▶ **EXERCISE GOAL**
The answer is the full set of records, given again exactly and without images.

Entries taken from a collection
--- START ---
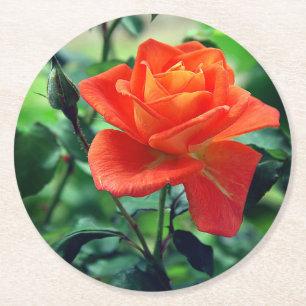 Dessous-de-verre Rond En Papier Fleur de rose de la nature-46458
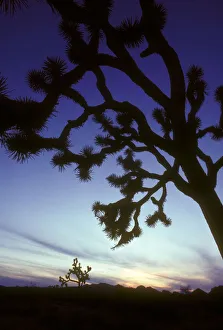 Images Dated 9th July 2010: North America, United States, California, Joshua Tree National Monument. Sunset sky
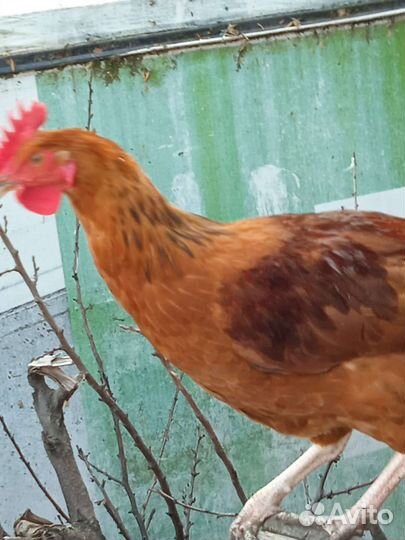 Молодые петухи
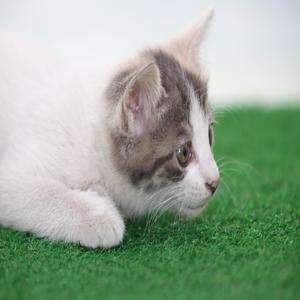 고양이 사료 기호성 테스트 직접 해본 5가지 결과 놀라운 첫 반응을 체크해보세요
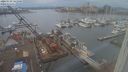 ./images/victoria/wharf/20240129/wharf20240129_141001.jpg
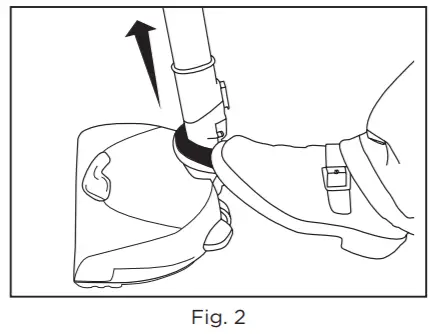 RICCAR Prima -FIGURE 30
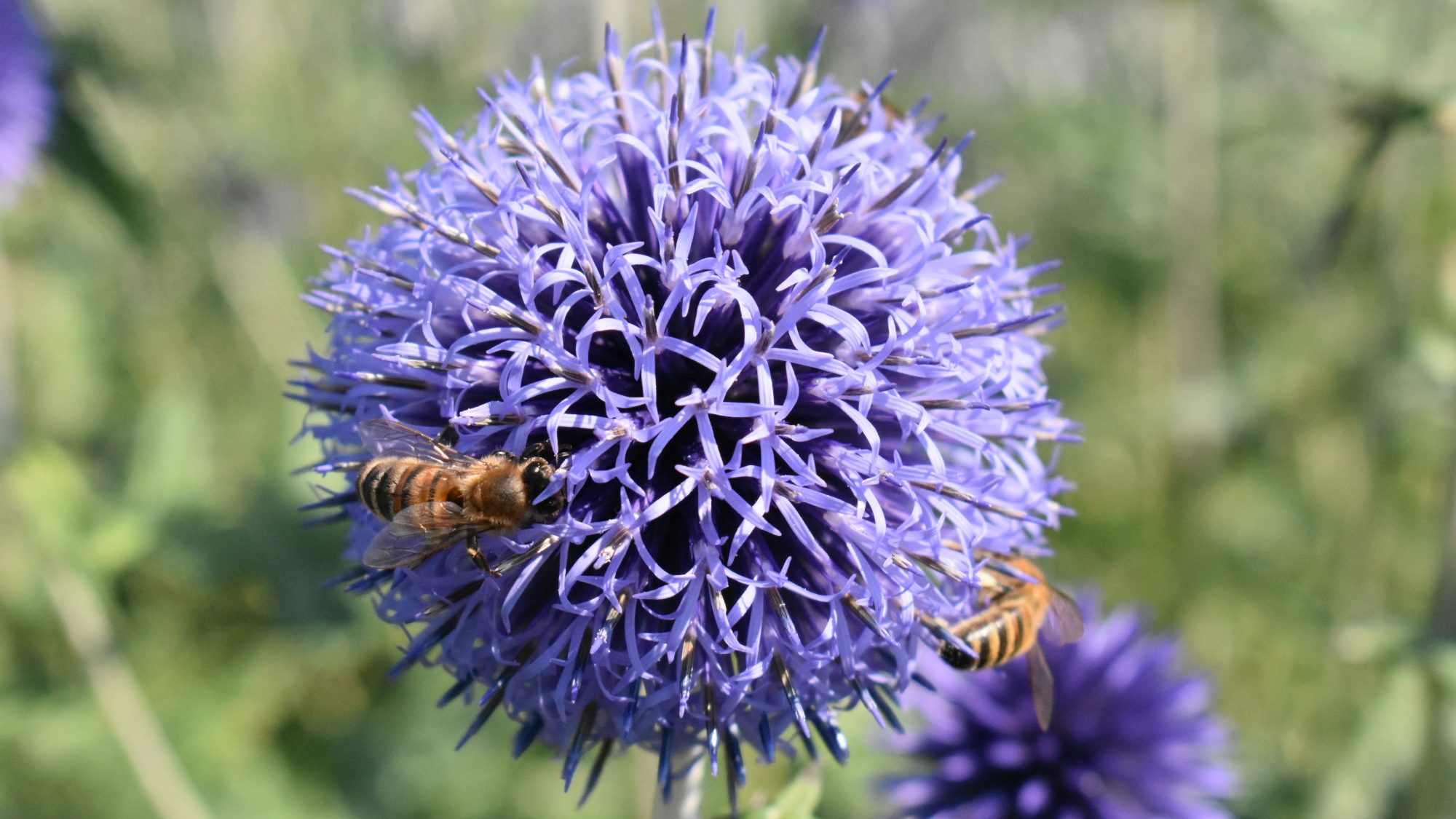 Echinops ritro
--- END ---
▶ **YOUR RESPONSE**
 Dessous-de-verre Rond En Papier Fleur de rose de la nature-46458
 Images Dated 9th July 2010: North America, United States, California, Joshua Tree National Monument. Sunset sky
 Молодые петухи
 고양이 사료 기호성 테스트 직접 해본 5가지 결과 놀라운 첫 반응을 체크해보세요
 ./images/victoria/wharf/20240129/wharf20240129_141001.jpg
 RICCAR Prima -FIGURE 30
 Echinops ritro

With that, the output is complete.